Problem to solve
Below are the records. Reproduce exactly the lines from the one containing "Strong Black Afro" through the final line, and omit any pictures.

Records for processing
/---
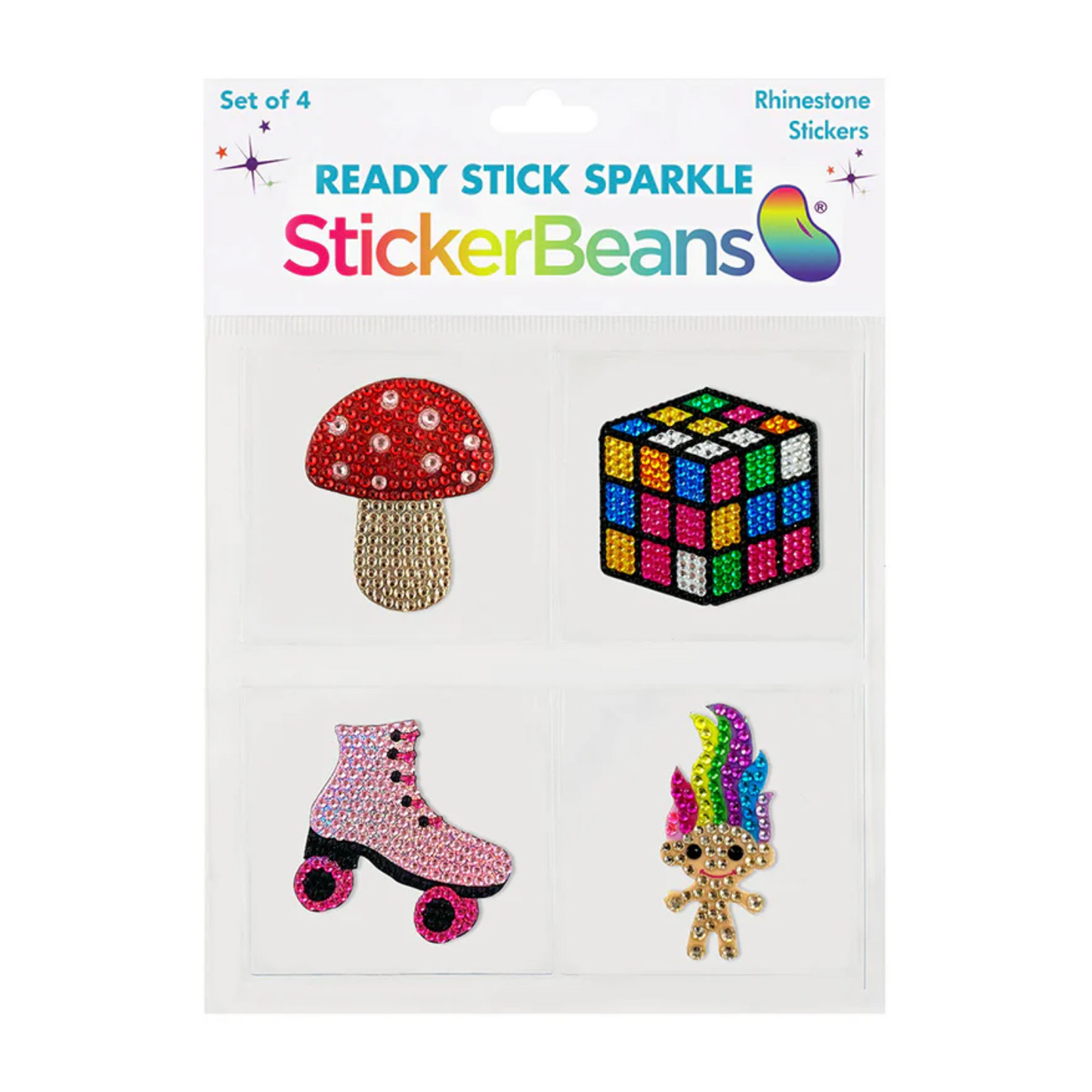 StickerBeans Retro Set of 4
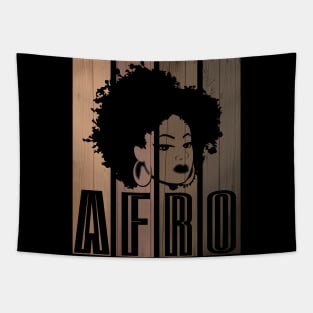 Strong Black Afro Girl African American Melanin Afro Queen Gift Tapestry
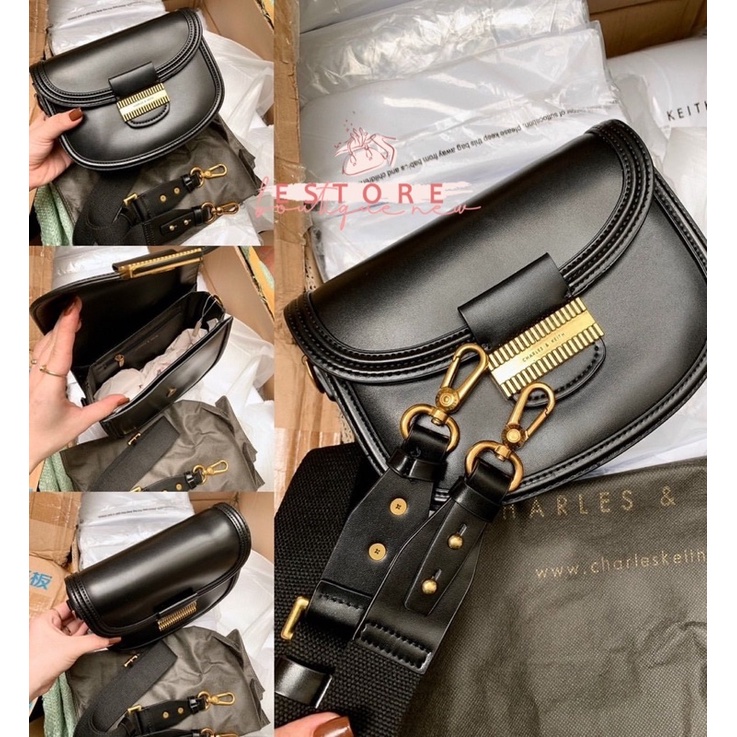 Tas Wanita Embellished Saddle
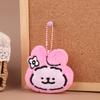 Kawaii Sanrio Maltézský plyšový přívěsek Hello Kitty Kuromi Melody s kapucí Plněná panenka Klíčenka Kroužek na klíče od auta Dekorace na batoh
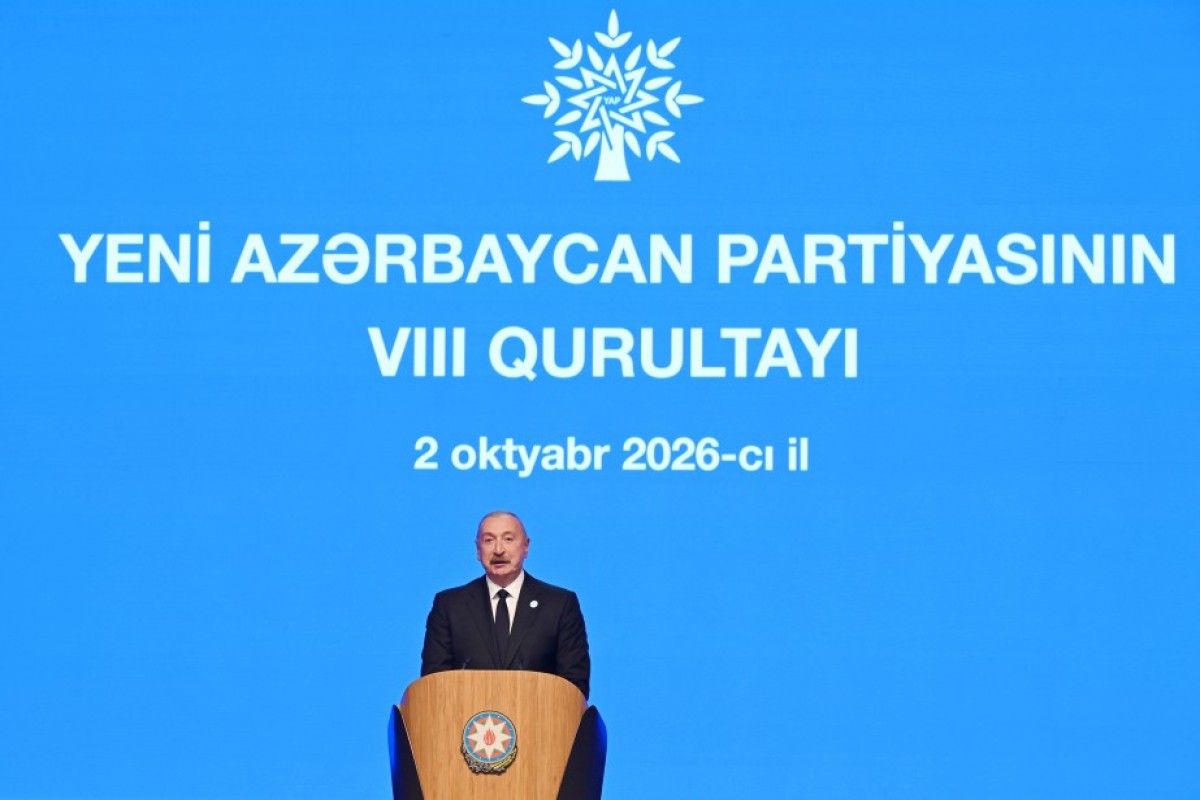 Prezident İlham Əliyev: Yeni Azərbaycan Partiyası Cənubi Qafqazın ən böyük siyasi qüvvəsidir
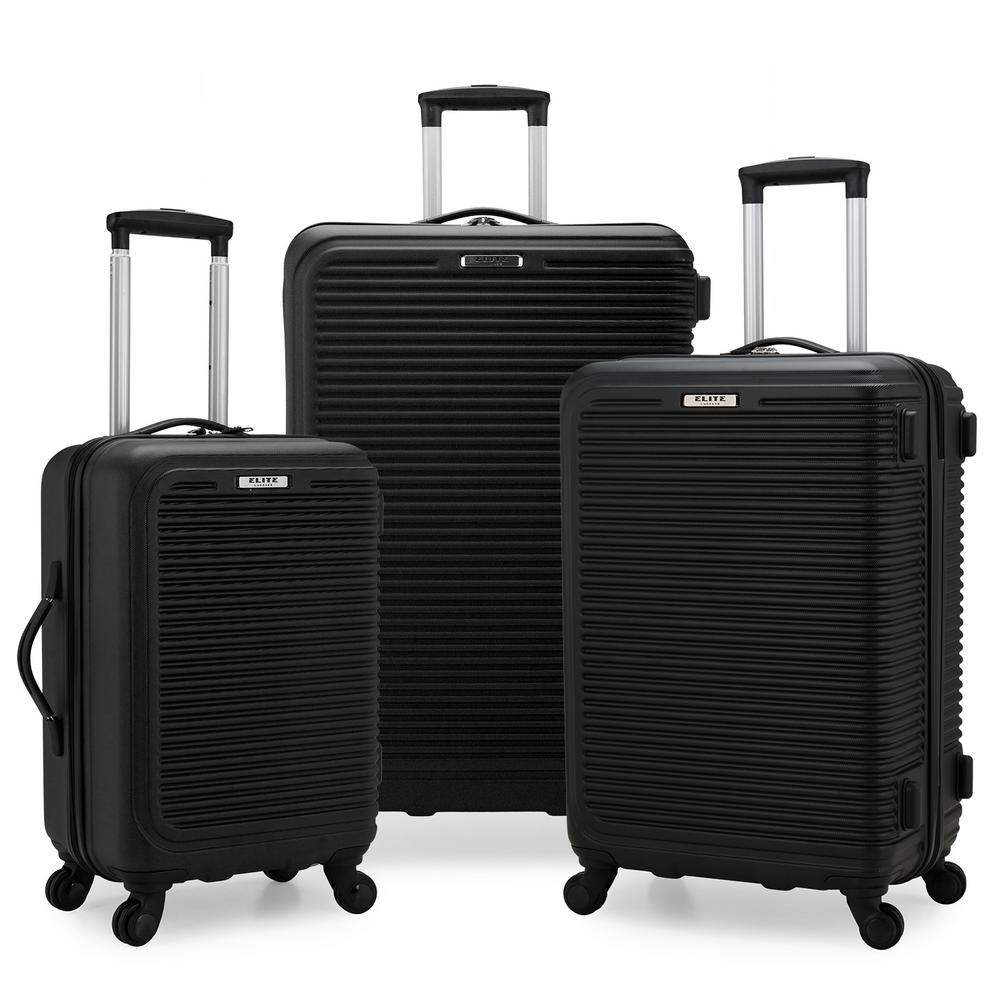 elite luggage omni 3 pc hardside spinner set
\---
Problem solution
 Strong Black Afro Girl African American Melanin Afro Queen Gift Tapestry
 Tas Wanita Embellished Saddle
 Kawaii Sanrio Maltézský plyšový přívěsek Hello Kitty Kuromi Melody s kapucí Plněná panenka Klíčenka Kroužek na klíče od auta Dekorace na batoh
 Prezident İlham Əliyev: Yeni Azərbaycan Partiyası Cənubi Qafqazın ən böyük siyasi qüvvəsidir
 elite luggage omni 3 pc hardside spinner set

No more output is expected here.